Unicode was originally a 2-byte character set. Unicode version 3, however is a 4-byte code and is fully compatible with ASCII and extended ASCII.
These all support encoding the same set of characters.
- UTF-8 uses anywhere from 1 to 4 bytes per character depending on character, but ASCII take only 1 byte and 4 bytes for unusual ones.
- UTF-16 uses 2 bytes for most characters, while very unusual characters take 4.
- UTF-32 uses 4 bytes per character. We can calculate the number of characters in a UTF-32 string by only counting bytes.
The notation uses hexadecimal digits in format as follows.
The numbering goes from U-00000000 to U-FFFFFFFF. Unicode divides the available space codes into planes. A plane is a continuous group of 65,536 code points. The most significant 16 bits define the plane (i.e. number of planes = 65,535) and each plane can define up to 65,536 character or symbols.
Types of Plane –
- Basic multilingual plane (BMP) – Plane 0000, the basic multilingual plane is designed to be compatible with the previous 16-bit Unicode. The most significant 16-bits in this plane are all zeroes. It mostly defines character sets in different languages with the exception of some control and special characters. It is represented as U+XXXX where XXXX are least significant 16-bits, eig., : U+0900 to U+09FF reserved for Devanagari, Bengali U+2200 to U+22FF reserved for mathematical operation etc.

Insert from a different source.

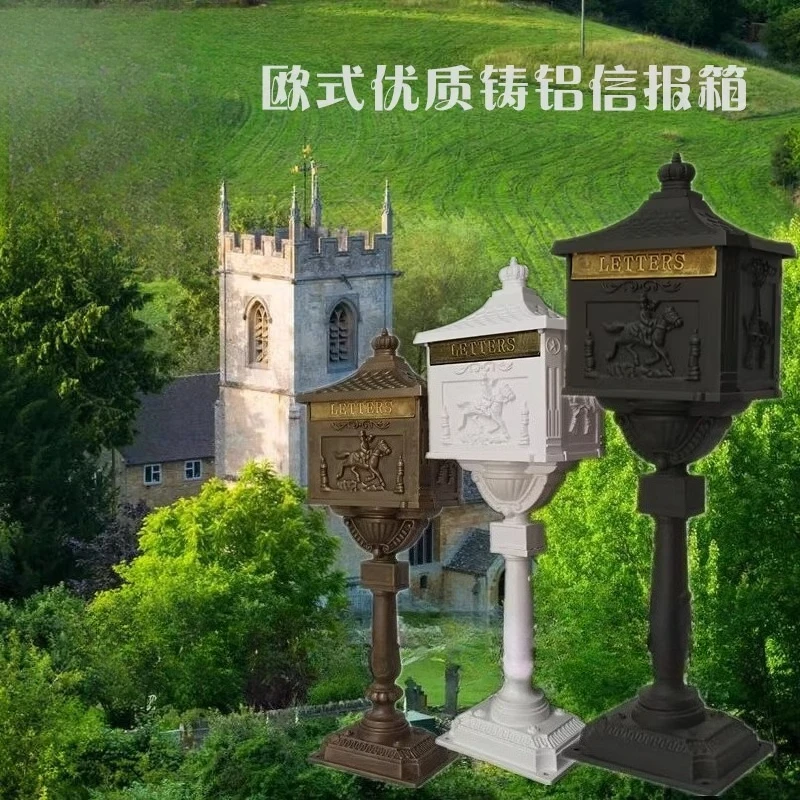 صندوق رسائل بريد بتصميم رانجلر العتيق، صناديق بريد صندوق بريد، صناديق بريد إبداعية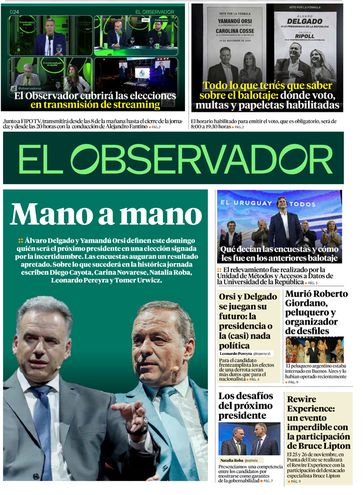 El Observador | 241123ElObservador.jpg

- Supplementary multilingual plane (SMP) – Plane 0001, the supplementary multilingual plane, is designed to provide more codes for those multilingual characters that are excluded in the BMP. Example: 10140-1018F are reserved for Ancient Greek Numbers.
- Supplementary ideography plane (SIP) – Plane 0002, the supplementary ideography plane, is designed to provide codes for ideographic symbols, symbols that provide an idea in contrast to a sound, e.g., 20000-2A6DF are reserved for CJK Unified Extension B
- Supplementary special plane (SSP) – 000E, the supplementary special plane, is used for special characters, e.g., E0000-E007F are reserved for tags.
- Private use planes (PUPs) – Planes 000F and 0010, private use planes are for private use. They are used by fonts internally to refer to auxiliary glyphs.